Could you give again exactly, and only, the lines from the one holding "16.08.2026 - KN" through the end of the data, both ends included, with pictures left out?

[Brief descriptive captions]
════════════════

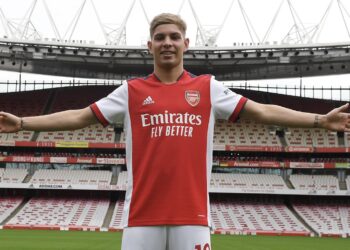 Phillips dit à Liverpool d’opter pour Smith Rowe contre Bowen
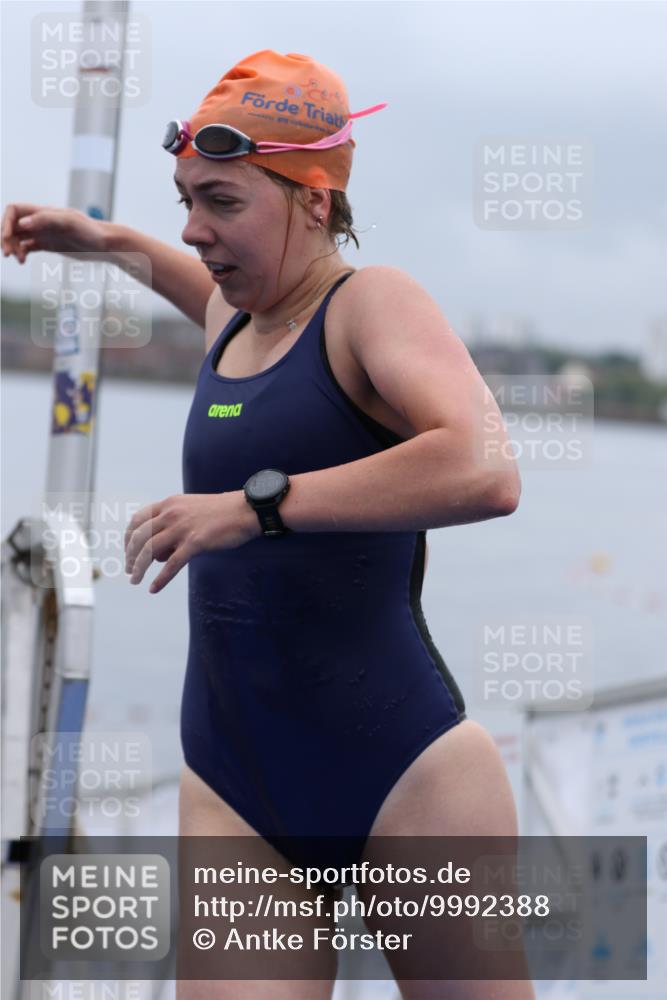 16.08.2026 - KN Förde Triathlon 2026 Antke Förster http://msf.ph/oto/9992388 16.08.2026 09:12:50 Schwimmen 130, 129, 143, 160 meine-sportfotos.de
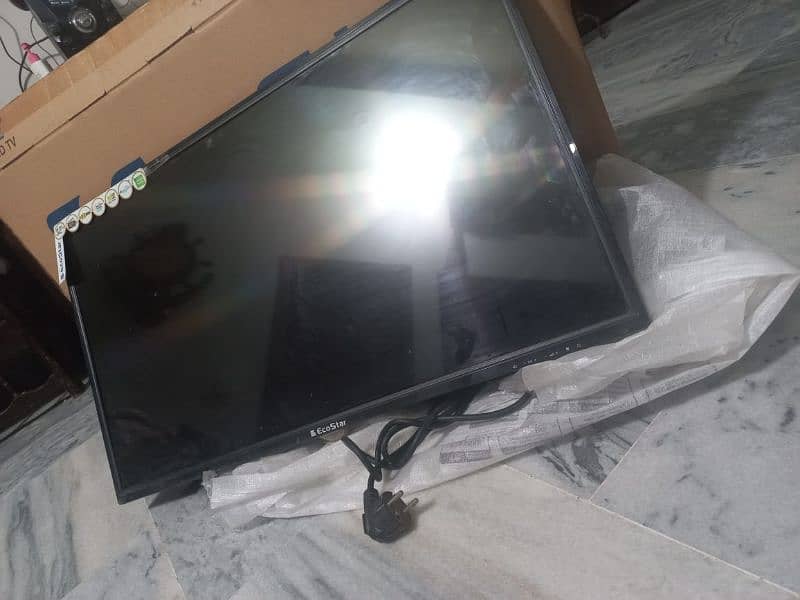 ecostar led tv simple 32 inch all okay complete box 4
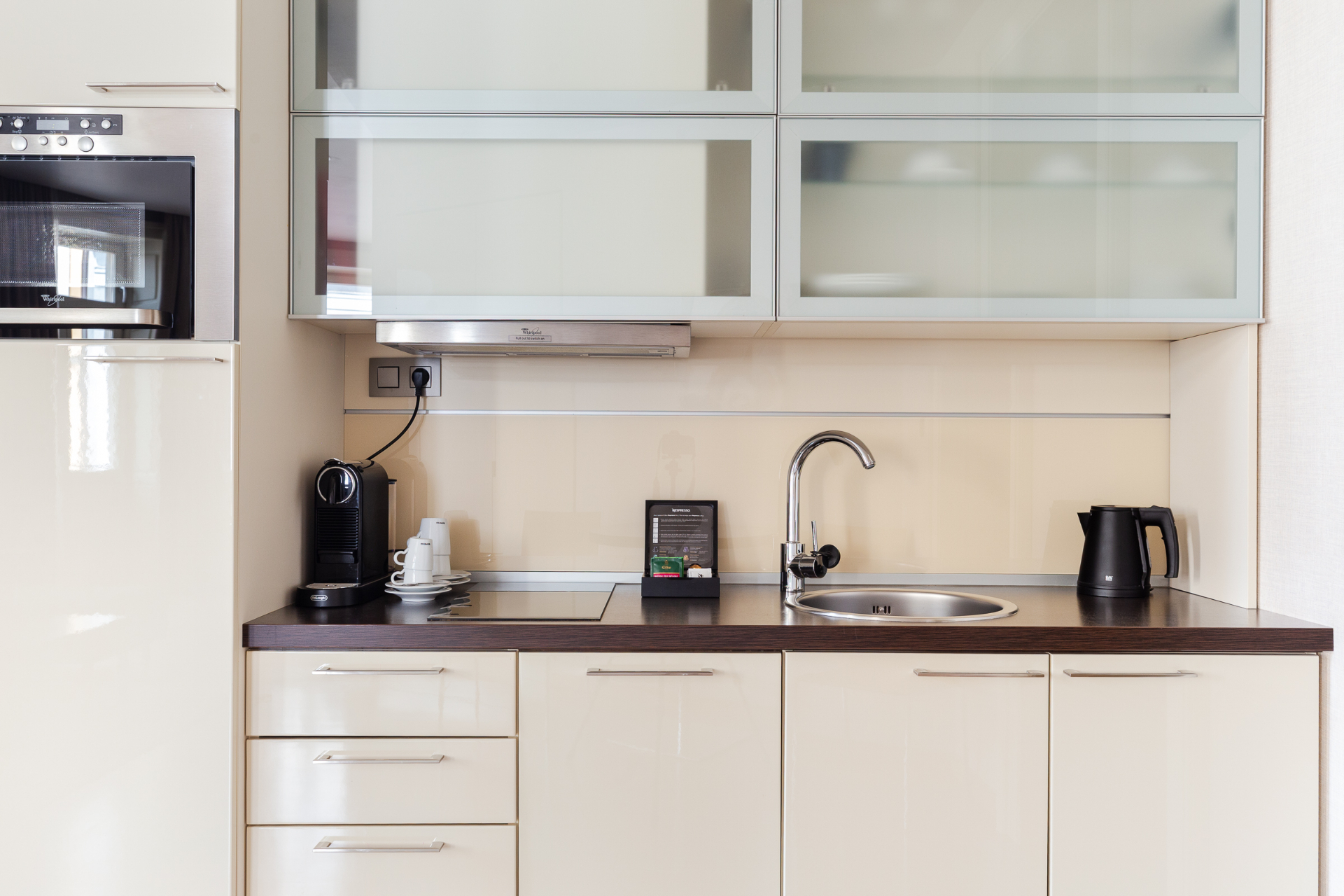 Deluxe Suite kitchenette with Nespresso, induction hob, sink and upper cabinets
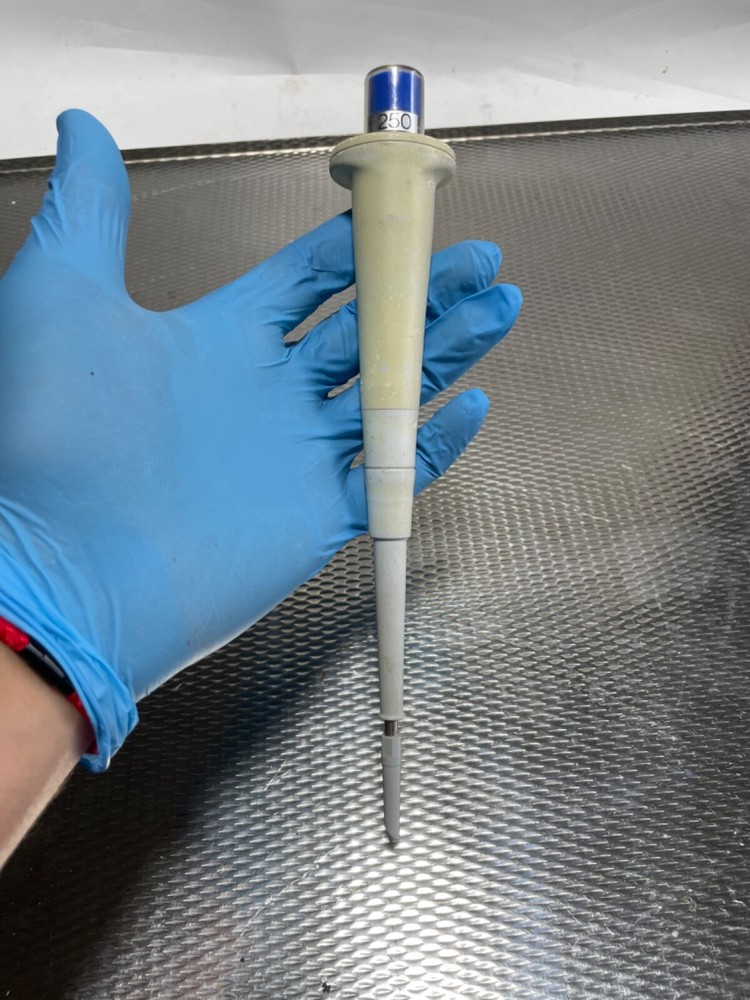 Eppendorf  100 - 250 uL  Single Channel Pipette / Adjustable Volume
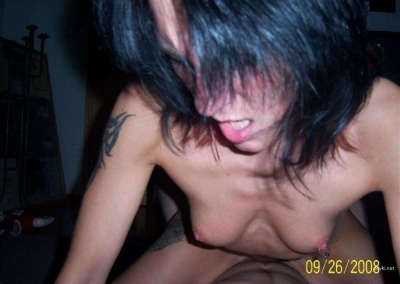 Amateur Porn: Explicit Close-Up of Her Developed Intimate Area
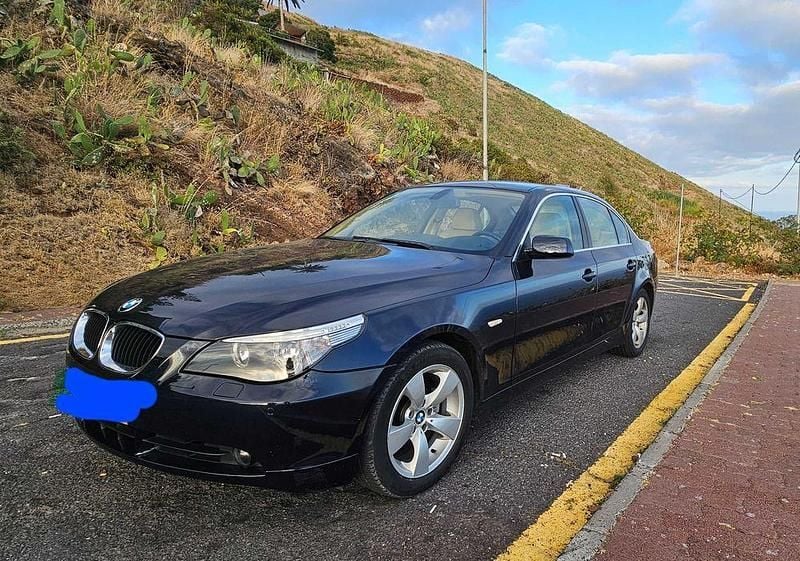 Usado 2006 BMW 520 Sedan | € 17.000 - Imagem 1/4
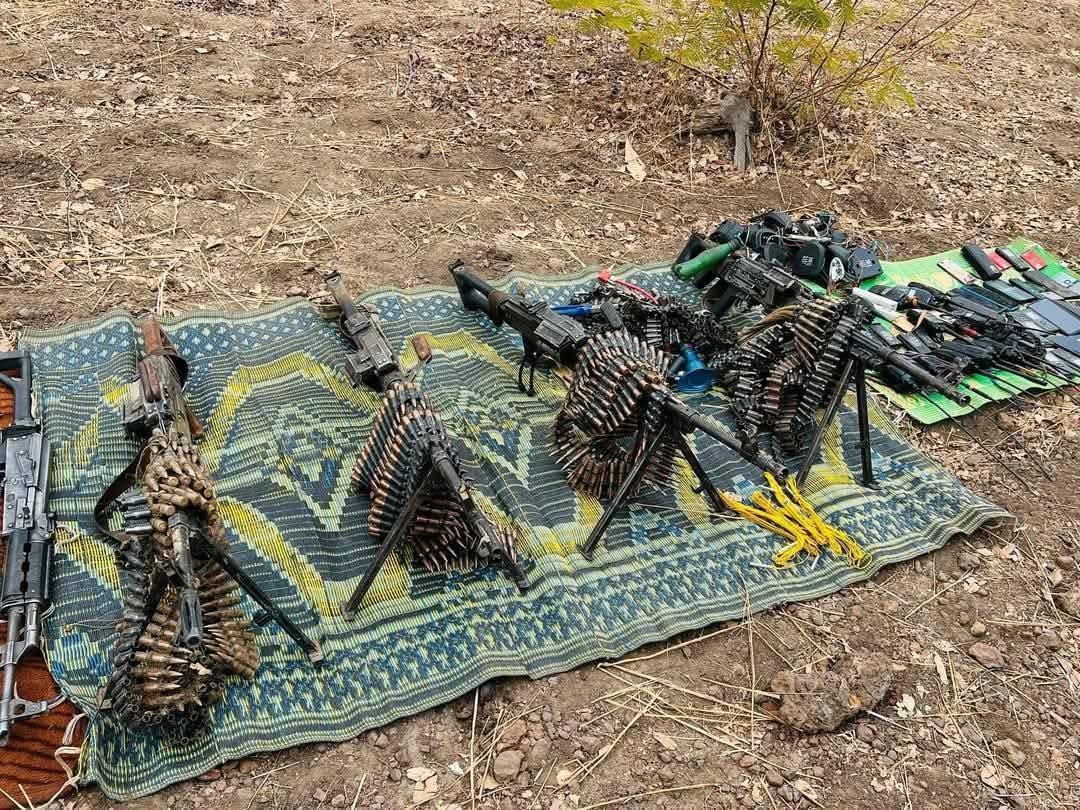 Il est 00h15 heure de Goma !

Ça tire dans le territoire de Nyiragongo au Nord de Goma maintenant. Des détonations d'armes lourdes et d'explosions de bombes  sont entendues sur cet axe de la ville de Goma.
Union de prière pour les habitants de Goma et du territoire de Nyiragongo.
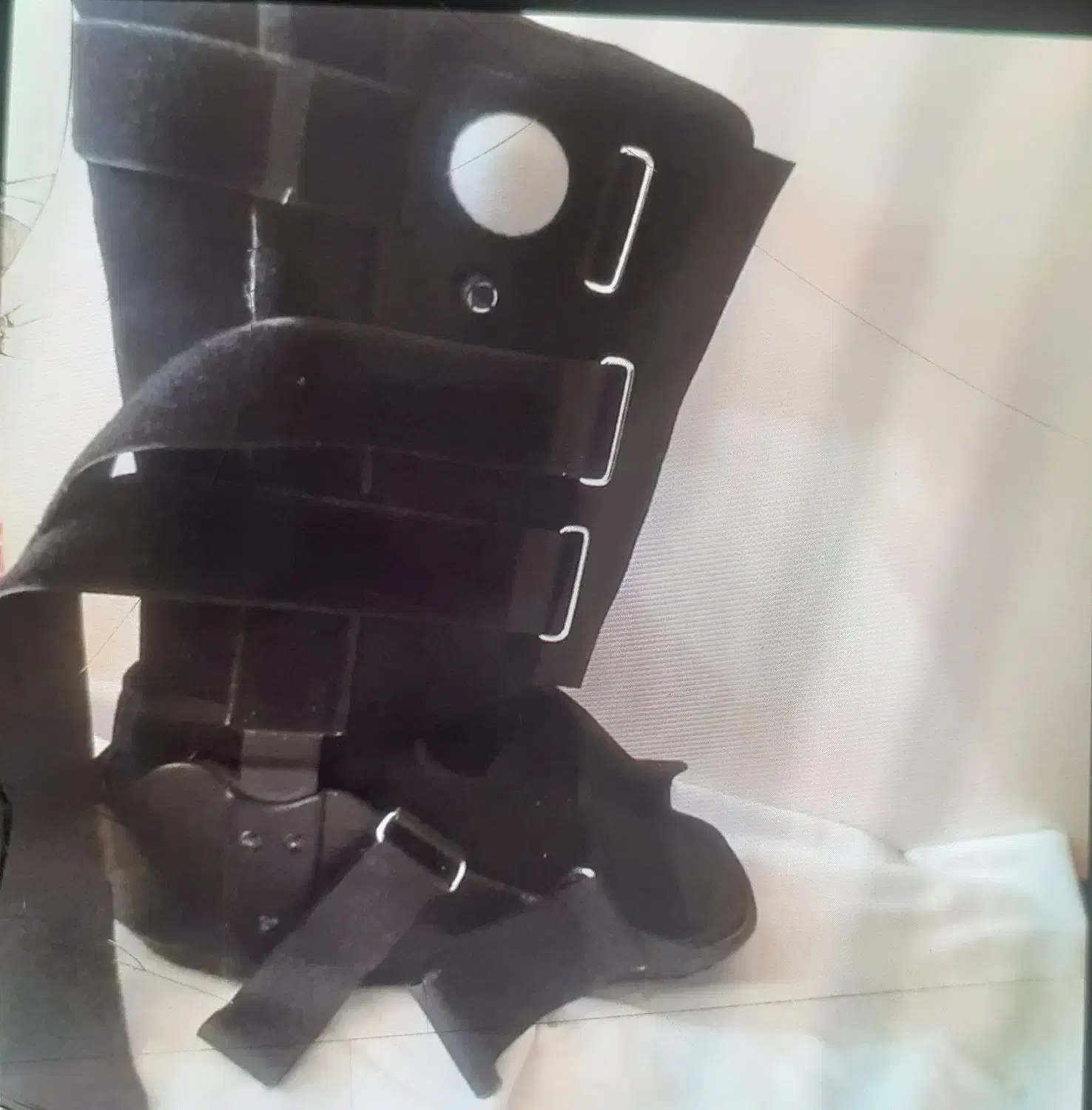 آتل|پزشکی|سلطانیه, |دیوار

════════════════

● WRITTEN RESPONSE
 16.08.2026 - KN Förde Triathlon 2026 Antke Förster http://msf.ph/oto/9992388 16.08.2026 09:12:50 Schwimmen 130, 129, 143, 160 meine-sportfotos.de
 ecostar led tv simple 32 inch all okay complete box 4
 Deluxe Suite kitchenette with Nespresso, induction hob, sink and upper cabinets
 Eppendorf  100 - 250 uL  Single Channel Pipette / Adjustable Volume
 Amateur Porn: Explicit Close-Up of Her Developed Intimate Area
 Usado 2006 BMW 520 Sedan | € 17.000 - Imagem 1/4
 Il est 00h15 heure de Goma !

Ça tire dans le territoire de Nyiragongo au Nord de Goma maintenant. Des détonations d'armes lourdes et d'explosions de bombes  sont entendues sur cet axe de la ville de Goma.
Union de prière pour les habitants de Goma et du territoire de Nyiragongo.
 آتل|پزشکی|سلطانیه, |دیوار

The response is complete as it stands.